▸ **Assigned task**:
Every line of the records below from the line with "Bobo Choses •" up to and including the line with "GUESS Womens Dark" must be reproduced exactly, and no line outside that range.

▸ **Given data**:
+--

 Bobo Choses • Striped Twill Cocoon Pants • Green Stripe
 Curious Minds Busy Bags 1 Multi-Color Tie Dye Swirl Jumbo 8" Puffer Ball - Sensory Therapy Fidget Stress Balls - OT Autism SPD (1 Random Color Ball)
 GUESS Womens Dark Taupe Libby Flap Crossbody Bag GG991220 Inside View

+--

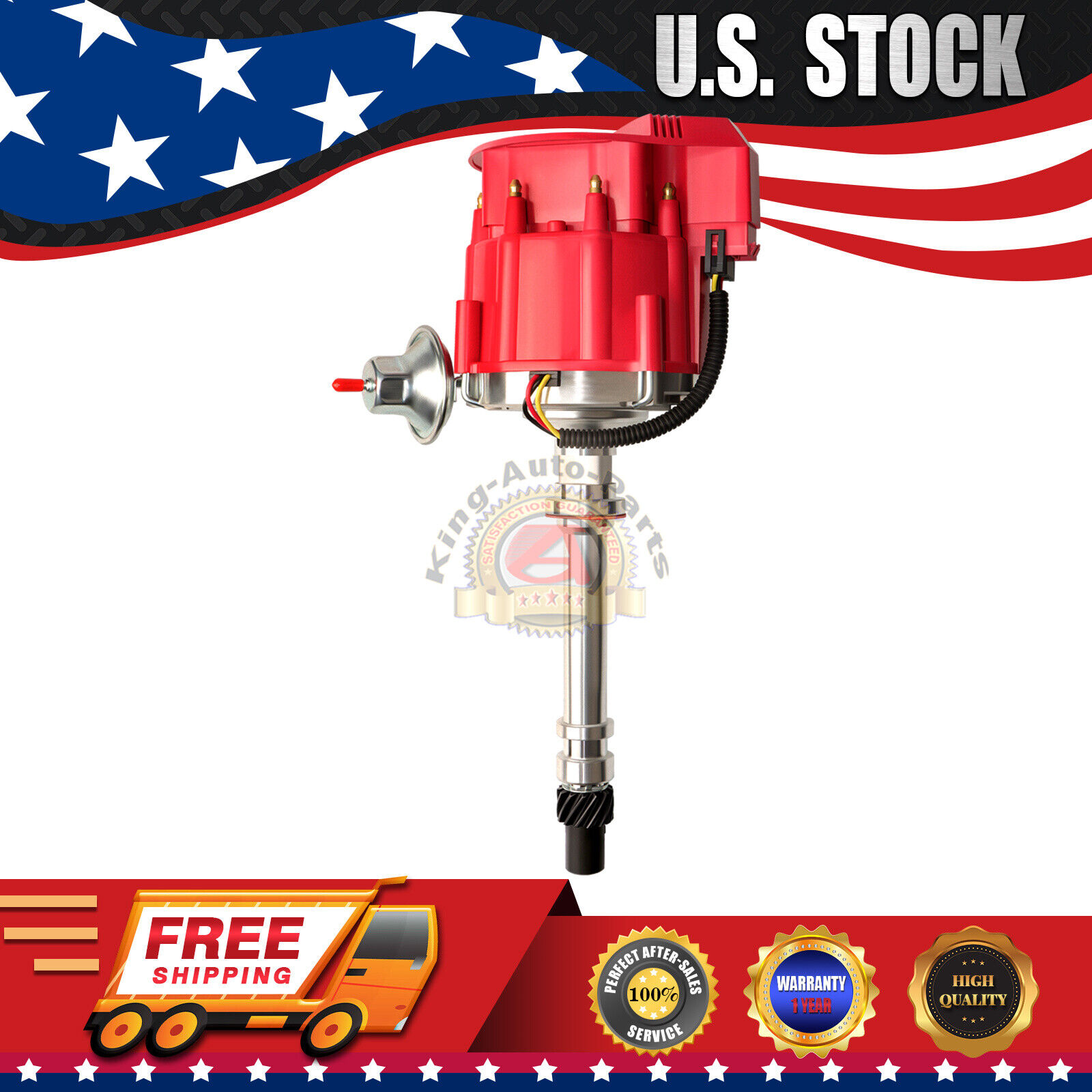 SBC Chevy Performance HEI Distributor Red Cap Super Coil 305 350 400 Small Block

+--

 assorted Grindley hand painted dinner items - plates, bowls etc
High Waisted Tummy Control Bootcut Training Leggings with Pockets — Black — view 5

+--

▸ **Solution below**:
 Bobo Choses • Striped Twill Cocoon Pants • Green Stripe
 Curious Minds Busy Bags 1 Multi-Color Tie Dye Swirl Jumbo 8" Puffer Ball - Sensory Therapy Fidget Stress Balls - OT Autism SPD (1 Random Color Ball)
 GUESS Womens Dark Taupe Libby Flap Crossbody Bag GG991220 Inside View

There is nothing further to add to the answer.